Ureagenesis through the urea hepatic cycle is impaired in animal models and patients with Fatty Liver Disease (16, 28, 29). Under these circumstances, reduced ureagenesis is related to decreased regulation of the UCEs at the gene level via hypermethylation of promoter regions of these genes (16, 30). However, reduction in the functional capacity for ureagenesis is more pronounced in simple steatosis than in steatohepatitis (29). Though post-transcriptional changes of the urea cycle genes cannot be ruled out, this difference is most probably a result of increased glucagon levels or inflammatory mediators, known to stimulate ureagenesis, that are augmented in steatohepatitis and not in simple steatosis. In the last years, steatosis-driven downregulation of urea cycle enzymes genes has been associated to the detrimental effects of long-chain fatty acids (31) or, in alternative, changes in the methylation index and methionine cycle rates observed in Fatty Liver Disease (32).

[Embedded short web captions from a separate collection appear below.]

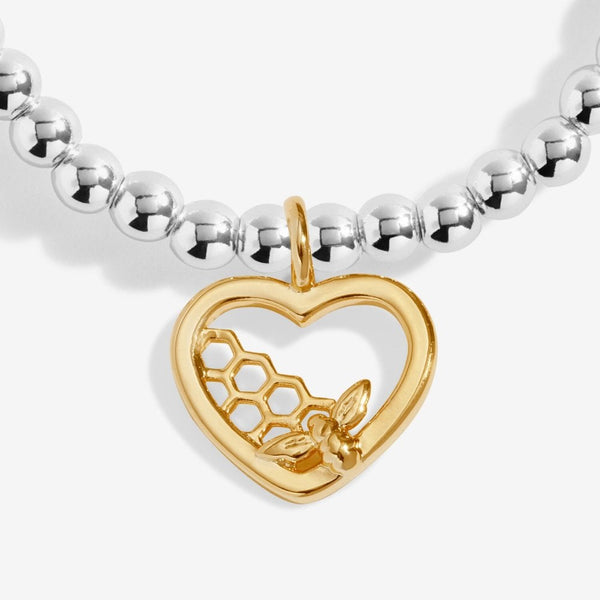 Joma Jewellery A Little 'Make Today Bee-Utiful' Bracelet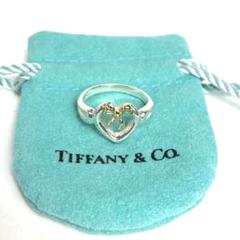 ☆美品☆ TIFFANY ティファニー ハート リボンk18 バングル 楽天市場】ティファニー ハートリボン ネックレス シルバー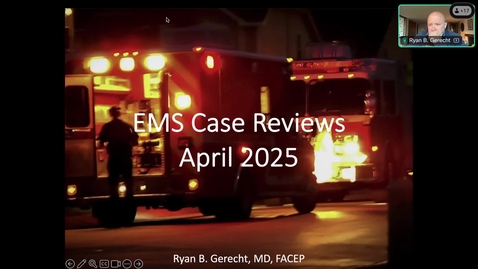 Thumbnail for DHMC EMS April 2025 Case Reviews - Quiz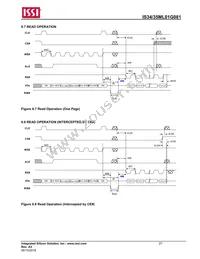 IS34ML01G081-TLI-TR Datasheet Page 21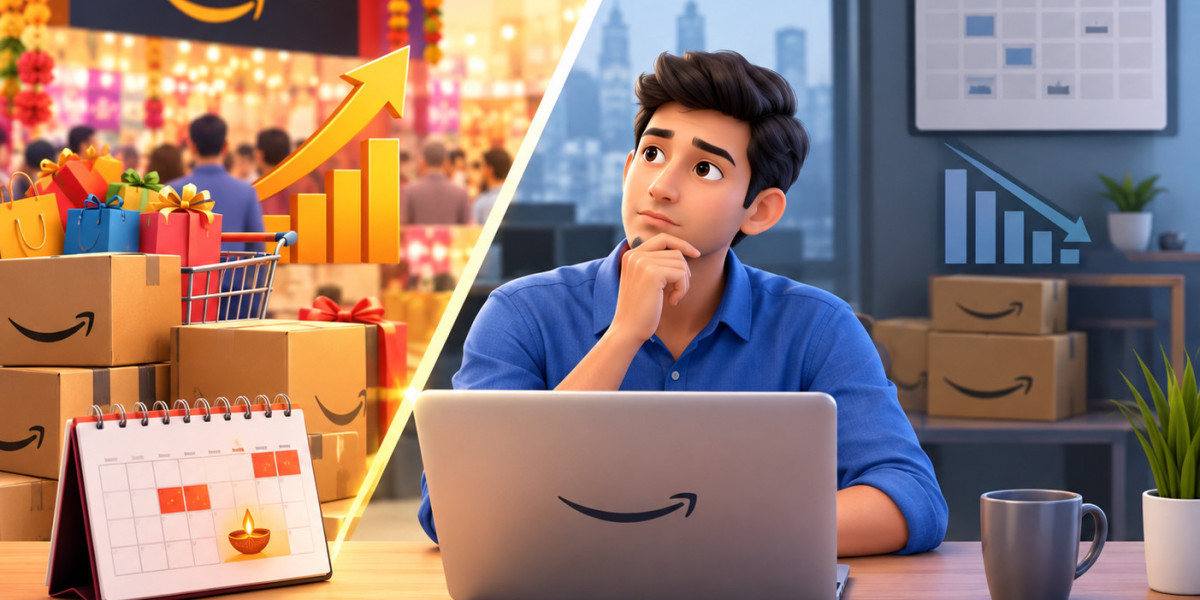 Amazon Seller Account Management Services in Delhi: Chasing the Festival Spike, Missing the Rest of the Year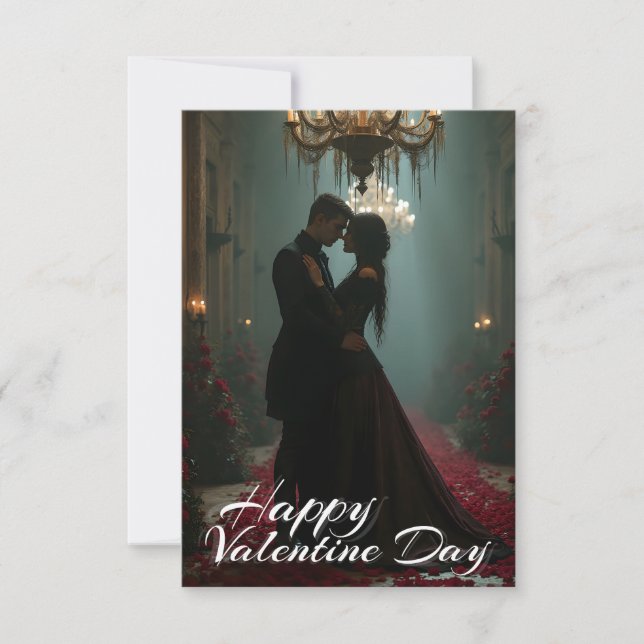 Romance in the Rose Hall for Valentine's Day (Front)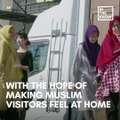 This Mobile Mosque will give Muslims a place to worship when they attend events during Tokyo 2020 Olympics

Glutamine synthetase activity in fatty liver disease

Glutamine synthetase expression is decreased in cirrhosis independently of the etiology of the patients (33) and in drug-induced liver injury (34). In the opposite, GS is increased in regenerative states such as chronic hepatitis, focal nodular hyperplasia, peritumoral hyperplasia and some hepatocellular neoplasms (33). In pre-clinical mouse models of Fatty Liver Disease, GS protein expression was shown to be augmented (19, 21). Likewise, Eriksen et al. described that GS gene expression is augmented in patients both in simple steatosis and steatohepatitis compared to healthy liver lean and obese controls (29). In agreement, increased protein GS was also reported by our group in patients with early steatohepatitis (19). However, other studies have shown that hepatic protein GS expression decreased progressively in patients with steatosis and almost disappeared in steatohepatitis (16). Discrepancies reported in literature can reflect a lack of specificity of some antibodies used for the immunohistochemical staining or in alternative a mismatch between the regulation at the transcriptionally or post-transcriptional level of GS. Indeed, the GS gene is transcriptionally activated by glucocorticoid hormones in a tissue-specific fashion. However, at the ultimate level, the GS enzyme expression if governed by a post-transcriptional mechanism where GS protein turnover dependent of 26S proteosome is increased by a product feedback mechanism after glutamine stimulation (35). Further studies are necessary to better understand the spatiotemporal regulation of GS expression in the progression of Fatty Liver Disease.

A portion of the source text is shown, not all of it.